◆ **Problem to solve**: Please repeat the records exactly. The pictures are to be left out.

◆ **Records shown**:

┄┄┄┄┄┄┄┄┄┄

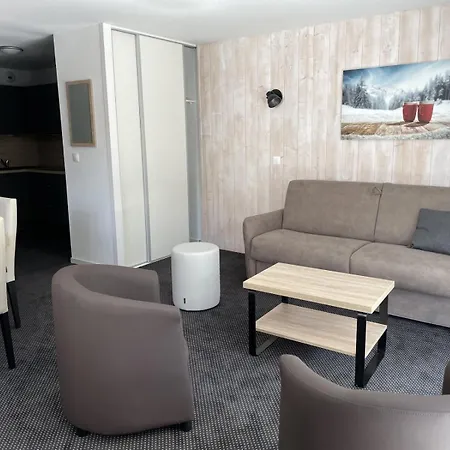 Résidence Le Portillo - Piscine - 2 Pièces Pour 6 Personnes Mae-4933 Appartement *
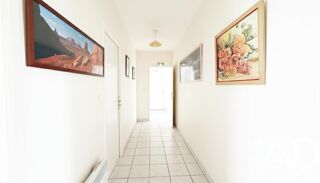  Appartement � vendre 4 pi�ces 82 m�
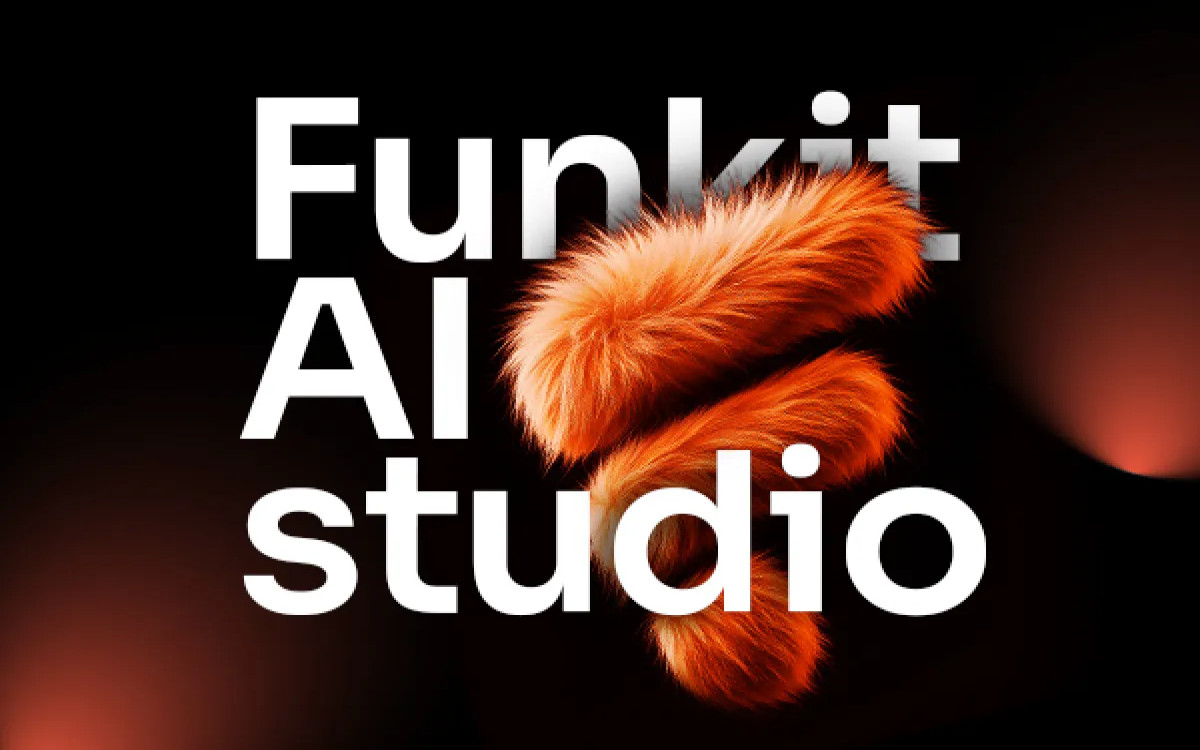 Funkit Marketing z UI-oddelkom do še drznejših idej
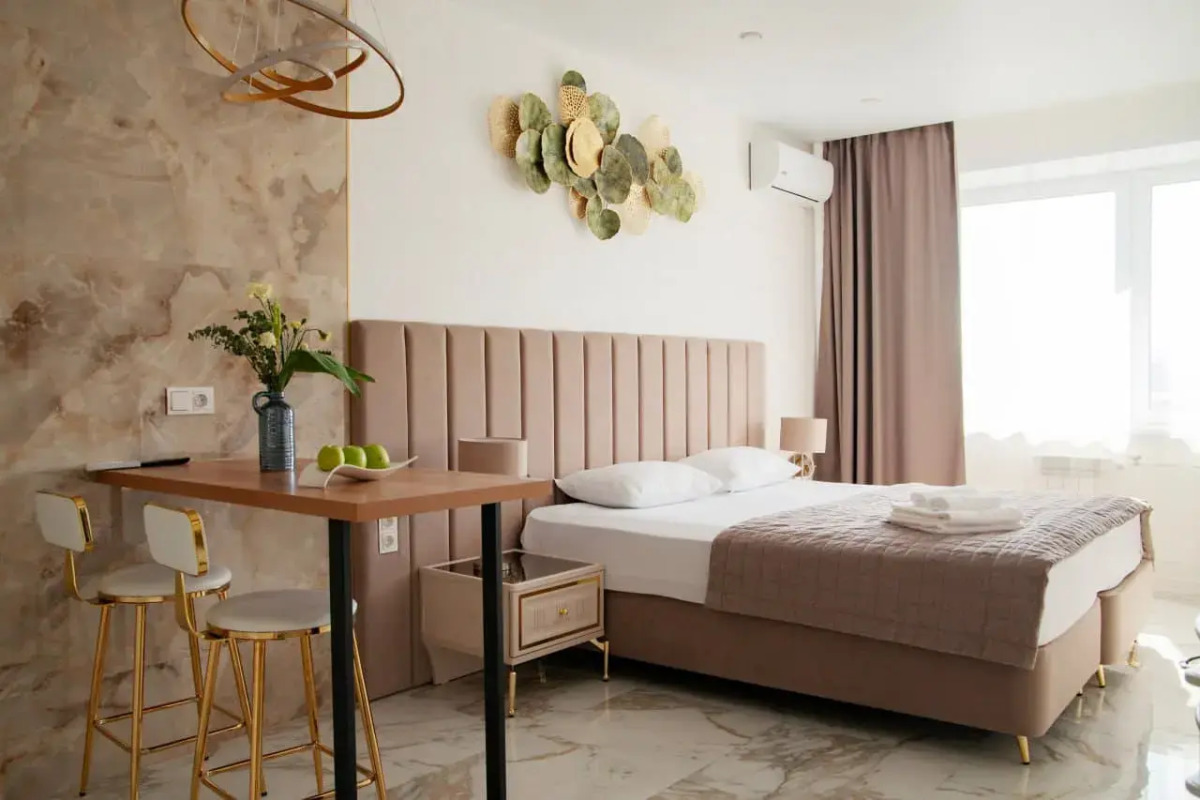 Апарт-отель Karat Apart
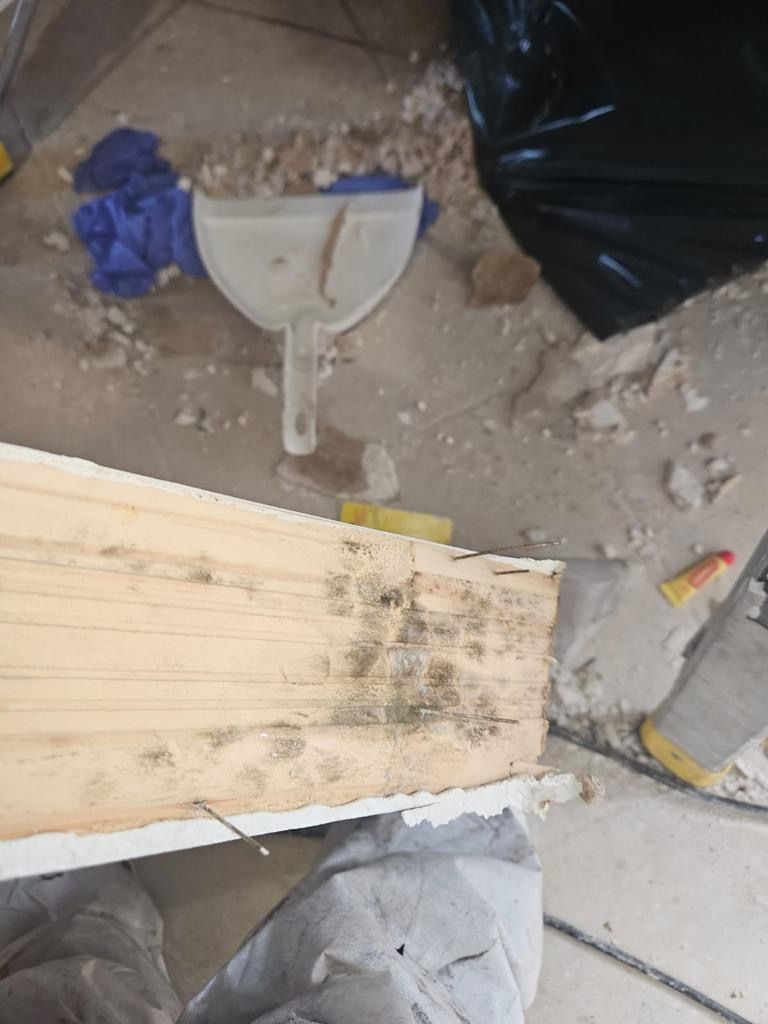  for N&D Restoration Services When Disaster Strikes, We Come In in Cape Coral,  FL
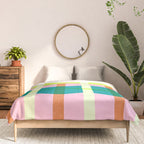 Festive Weave Comforter Gallery Image 3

┄┄┄┄┄┄┄┄┄┄

◆ **Task result**:
 Résidence Le Portillo - Piscine - 2 Pièces Pour 6 Personnes Mae-4933 Appartement *
  Appartement � vendre 4 pi�ces 82 m�
 Funkit Marketing z UI-oddelkom do še drznejših idej
 Апарт-отель Karat Apart
  for N&D Restoration Services When Disaster Strikes, We Come In in Cape Coral,  FL
 Festive Weave Comforter Gallery Image 3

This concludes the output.